Publication of Serious Case Review: Child R
Independent Chair’s Summary Statement, on behalf of Haringey Safeguarding Children Board (HSCB)
In January 2015 the young boy referred to in this report as “Child R” was murdered, aged 6 months. In December 2015 the High Court found his father guilty of the murder. There had been limited contact with agencies during Child R’s short lifetime.
The Local Safeguarding Children’s Board (LSCB) is the partnership within Haringey of agencies who seek to keep children safe. Our collective role is to promote effective joint working, and to hold each agency to account. Following Child R’s death, the Board commissioned an independent author to lead the process of reviewing the work of all agencies and seeking to identify learning. Agencies have engaged fully in the review, and have worked hard to agree on areas of learning. The review identified some occasions where agencies could have initiated assessments of the family, examining risks and identifying support needs. It does not identify a causal link between these occasions and his death in January 2015, which it concludes could not have been anticipated. But some significant learning has been identified and acted upon.

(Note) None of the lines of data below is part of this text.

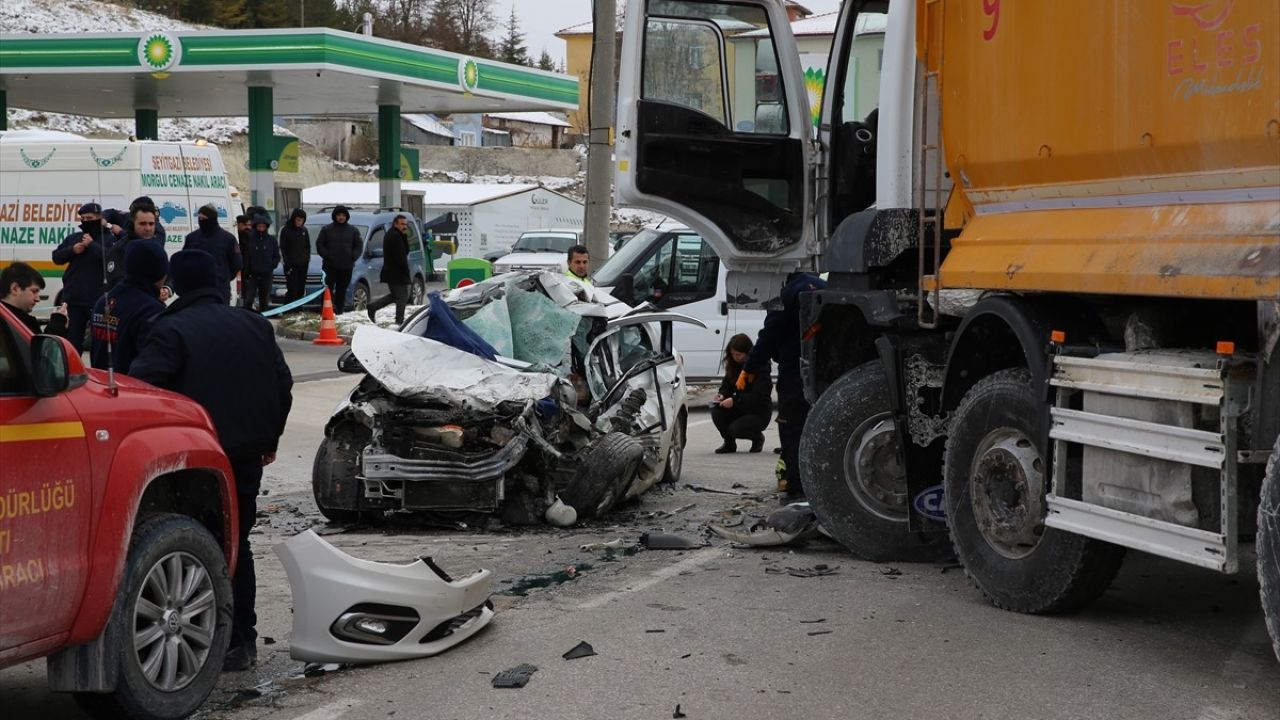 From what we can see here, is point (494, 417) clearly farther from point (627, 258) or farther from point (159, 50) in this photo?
point (159, 50)

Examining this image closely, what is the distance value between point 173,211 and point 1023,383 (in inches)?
623

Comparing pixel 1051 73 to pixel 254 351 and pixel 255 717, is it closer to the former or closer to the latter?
pixel 254 351

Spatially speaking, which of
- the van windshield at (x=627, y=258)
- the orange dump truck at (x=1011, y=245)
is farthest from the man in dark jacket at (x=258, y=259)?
the orange dump truck at (x=1011, y=245)

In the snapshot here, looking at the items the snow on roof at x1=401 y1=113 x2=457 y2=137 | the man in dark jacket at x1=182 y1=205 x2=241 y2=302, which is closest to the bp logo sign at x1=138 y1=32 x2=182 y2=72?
the man in dark jacket at x1=182 y1=205 x2=241 y2=302

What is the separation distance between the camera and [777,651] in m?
6.12

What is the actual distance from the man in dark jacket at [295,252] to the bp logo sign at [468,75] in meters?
9.37

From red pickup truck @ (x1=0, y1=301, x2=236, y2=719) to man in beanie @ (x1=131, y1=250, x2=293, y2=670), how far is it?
419mm

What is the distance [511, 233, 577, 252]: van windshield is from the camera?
34.4 meters

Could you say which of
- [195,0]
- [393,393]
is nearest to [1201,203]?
[393,393]

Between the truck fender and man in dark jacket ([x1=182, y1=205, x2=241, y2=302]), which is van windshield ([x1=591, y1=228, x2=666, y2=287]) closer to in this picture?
man in dark jacket ([x1=182, y1=205, x2=241, y2=302])

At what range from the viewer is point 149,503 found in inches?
217

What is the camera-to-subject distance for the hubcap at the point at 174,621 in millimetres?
5116

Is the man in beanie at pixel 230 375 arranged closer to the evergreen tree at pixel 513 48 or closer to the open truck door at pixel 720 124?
the open truck door at pixel 720 124

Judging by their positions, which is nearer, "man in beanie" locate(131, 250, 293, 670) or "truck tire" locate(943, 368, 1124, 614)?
"man in beanie" locate(131, 250, 293, 670)
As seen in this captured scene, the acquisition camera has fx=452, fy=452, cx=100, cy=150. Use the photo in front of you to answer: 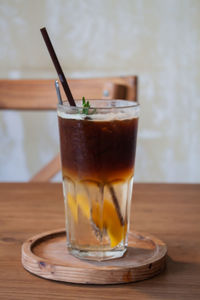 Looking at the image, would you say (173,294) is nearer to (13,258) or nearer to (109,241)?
(109,241)

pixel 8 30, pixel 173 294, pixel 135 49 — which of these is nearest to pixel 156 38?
pixel 135 49

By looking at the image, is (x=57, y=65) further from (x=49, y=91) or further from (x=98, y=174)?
(x=49, y=91)

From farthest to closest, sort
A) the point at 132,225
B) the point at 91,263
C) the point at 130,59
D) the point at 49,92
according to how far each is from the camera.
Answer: the point at 130,59, the point at 49,92, the point at 132,225, the point at 91,263

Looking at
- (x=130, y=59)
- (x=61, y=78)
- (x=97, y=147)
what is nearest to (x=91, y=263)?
(x=97, y=147)

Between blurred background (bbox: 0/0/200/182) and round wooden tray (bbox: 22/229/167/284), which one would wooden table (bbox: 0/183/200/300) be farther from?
blurred background (bbox: 0/0/200/182)

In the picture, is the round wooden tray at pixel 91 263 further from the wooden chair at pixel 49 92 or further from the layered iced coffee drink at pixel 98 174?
the wooden chair at pixel 49 92

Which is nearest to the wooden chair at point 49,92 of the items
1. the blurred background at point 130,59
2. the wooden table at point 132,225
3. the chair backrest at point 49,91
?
the chair backrest at point 49,91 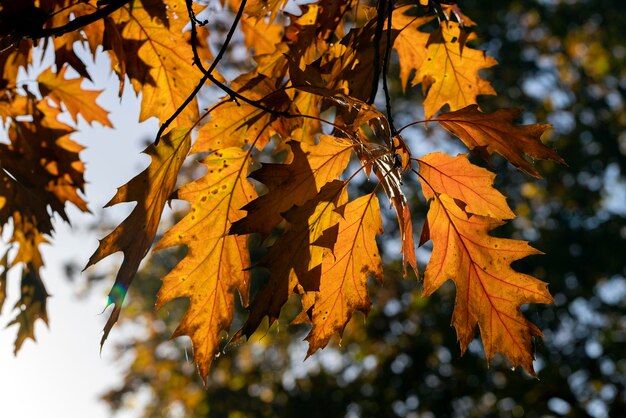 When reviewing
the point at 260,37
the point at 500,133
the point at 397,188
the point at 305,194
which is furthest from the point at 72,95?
the point at 500,133

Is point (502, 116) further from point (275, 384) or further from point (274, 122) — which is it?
point (275, 384)

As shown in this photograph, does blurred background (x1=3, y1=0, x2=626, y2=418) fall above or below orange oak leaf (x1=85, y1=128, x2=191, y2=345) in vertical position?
below

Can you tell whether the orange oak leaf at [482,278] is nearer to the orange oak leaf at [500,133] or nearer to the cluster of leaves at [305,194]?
the cluster of leaves at [305,194]

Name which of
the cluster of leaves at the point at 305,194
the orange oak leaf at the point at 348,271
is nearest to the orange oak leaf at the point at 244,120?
the cluster of leaves at the point at 305,194

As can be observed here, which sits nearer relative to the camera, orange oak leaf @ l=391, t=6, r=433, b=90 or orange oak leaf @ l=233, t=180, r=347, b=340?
orange oak leaf @ l=233, t=180, r=347, b=340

In particular, the review focused on two principal issues where practice could have been improved, although they did not directly lead to harm to Child R or his older sibling.
The first issue is the failure of agencies to undertake a risk assessment once information was available regarding the criminal background of the mother. In 2016 the family court judge praised Child R’s mother for her care of her two children. However, in 2002 as a 17 year old she had been convicted in her country of origin of the murder of an adult; she had served 9 years of her sentence and then broken the terms of her parole to come to England. She had been served a European Arrest Warrant in January 2014 and bailed, whilst awaiting Extradition. This event should have resulted in a risk assessment of her ability safely to care for her child, and for Child R with whom she was pregnant at the time. Learning has been identified for the Police Extradition Unit, the courts and probation.
Another opportunity arose in July 2014, at the birth of Child R, when information about the mother’s background should have resulted in the Multi Agency Safeguarding Hub (MASH) initiating a robust risk assessment. In early January 2015, fuller detail relating to the Mother’s previous offence was made available, and should have resulted in further risk assessment. However, since it was the action of the father, not the mother, which led to Child R’s death, it is uncertain that any such assessments would have resulted in a different outcome.
The second issue relates to actions which could have been taken to assure the safety of Child R’s sibling. Child R suffered fatal injuries in late January 2015, and was in hospital over a weekend before he died. During that weekend, an aunt cared for Child R’s older sibling from Friday night until Sunday morning, and there is no suggestion that the sibling was harmed in any way. However, given the possibility (later confirmed) of non-accidental injury, a more robust risk assessment should have been undertaken of the safety of the sibling over that weekend. Learning has been identified for the operation of services over weekends, with a need to improve the quality of multi-agency working.
All the agencies in Haringey involved with Child R have reviewed their own practice and are acting on lessons learnt. HSCB will monitor the delivery of those actions.